McConchie voices opposition to state's unfunded education mandates
State Sen. Dan McConchie (R-Hawthorn Woods) took to Twitter to express his views on the continuing onslaught of unfunded mandates placed on schools by the Illinois legislature last week.
He ran on a platform of reducing spending, cutting taxes and freezing property taxes.
"The list of unfunded mandates on Illinois schools takes up a whole ream of paper," McConchie tweeted.
Unfunded mandates are the mandatory classes, programs, regulations and other items placed on schools and local government without providing funding.
While suicide prevention efforts, concussion prevention, driver education and discipline policies are important issues in K-12 education, requiring school districts to provide additional services and classes as well as design new curriculum without providing the means to pay for these items puts a heavy burden on schools and ultimately the local homeowners.
McConchie also took to social media and posted a picture of the list of those unfunded mandates last week. The stack was literally, as he'd said on Twitter, the size of a standard ream of paper, or 500 sheets of paper.
"Do you pay too much in property taxes?" McConchie posted. "Here's the list of every unfunded state mandate on your local school that's costing you money. Time to #FixTheSystem."

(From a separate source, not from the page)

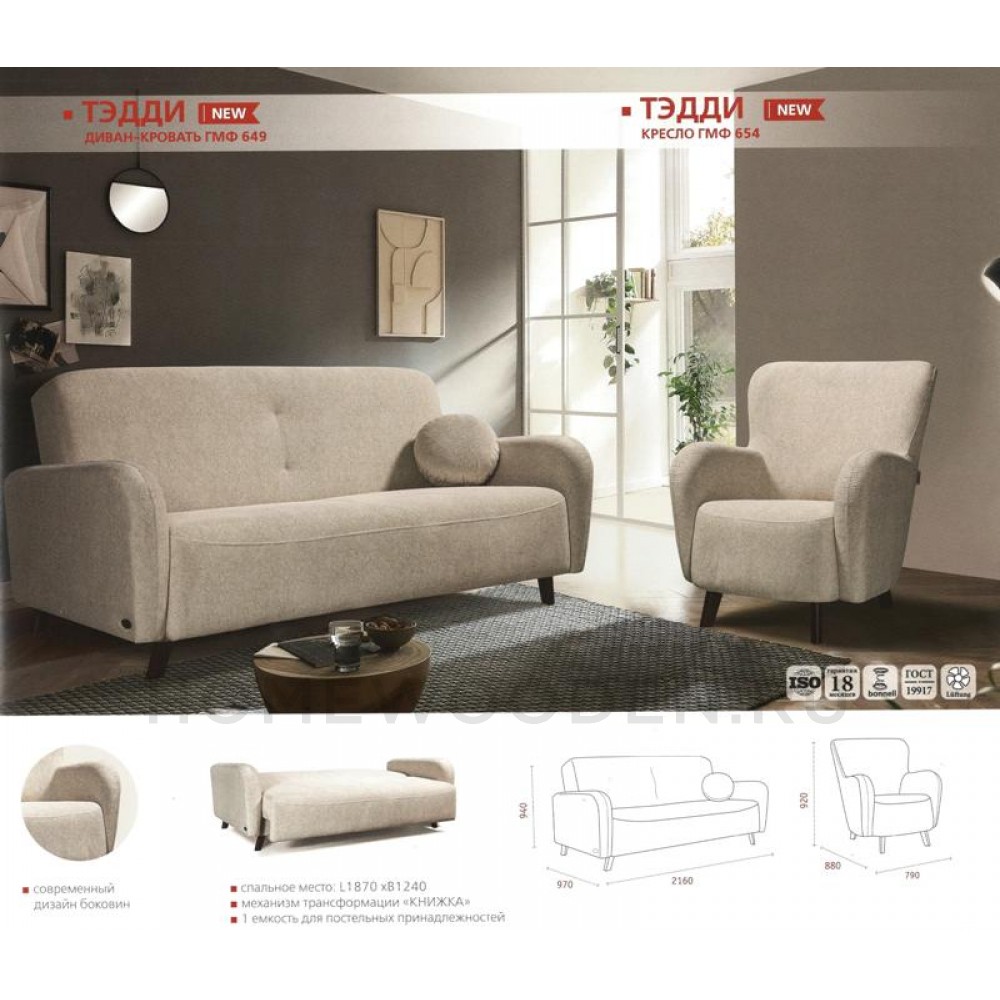 Диван Тэдди ГМФ 649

The Associated Press reported on the issue via Fox32 in 2015.
"Illinois imposes well over 100 mandates on school districts, covering everything from classroom content to parent-teacher conferences and school holidays," according to the report. "Districts that cannot or don’t want to follow the mandate may apply for a limited number of waivers — a process that requires public hearings, paperwork and state approval."
Even if a waiver is approved, it is for a limited time, so eventually the school district must implement the mandate and find a way to fund it. Otherwise, the district faces fines, which also impact the schools and expenditures.
When the state imposes mandates on schools, districts turn to property taxes to fill the gap between funding and expenditures and pay for unfunded mandates. Illinois already has one of the highest property tax rates in the nation, second only to New Jersey. Taxes, both property and income, are one of the reasons why Illinois residents continue to leave the state for locations with lower taxes and better employment and educational opportunities.
Gov. Bruce Rauner has tried to eliminate some of Springfield's unfunded education mandates, which have been estimated to add more than $200 million in costs to school districts annually. By reducing or eliminating these mandated spending and curriculum requirements, Rauner's proposed property tax freeze would not adversely affect schools.
Until the mandates are reduced or eliminated, however, a property tax freeze would leave school districts without a way to pay for additional costs imposed by the legislature.
McCombie, like many of his Republican colleagues, believes the state should not impose mandates on school districts. Instead, parents, teachers and local school boards should determine what is best for their schools and children.
In addition, as Illinois Policy Institute Vice President of Policy Ted Dabrowski pointed out, raising taxes hasn't solved Illinois' budget woes. The 67 percent tax hike imposed on Illinois taxpayers from 2011-14 garnered approximately $32 billion, yet left the state with $7 billion in unpaid bills and an additional $30 billion in pension debt.
Whether on a local or state level, raising taxes won't solve budget issues in Illinois. As McConchie said on his campaign website, following fiscally responsible policies such as reducing spending, eliminating unnecessary state mandates, freezing property taxes, reforming state purchasing practices and balancing the state's budget are among the solutions to Illinois' fiscal woes.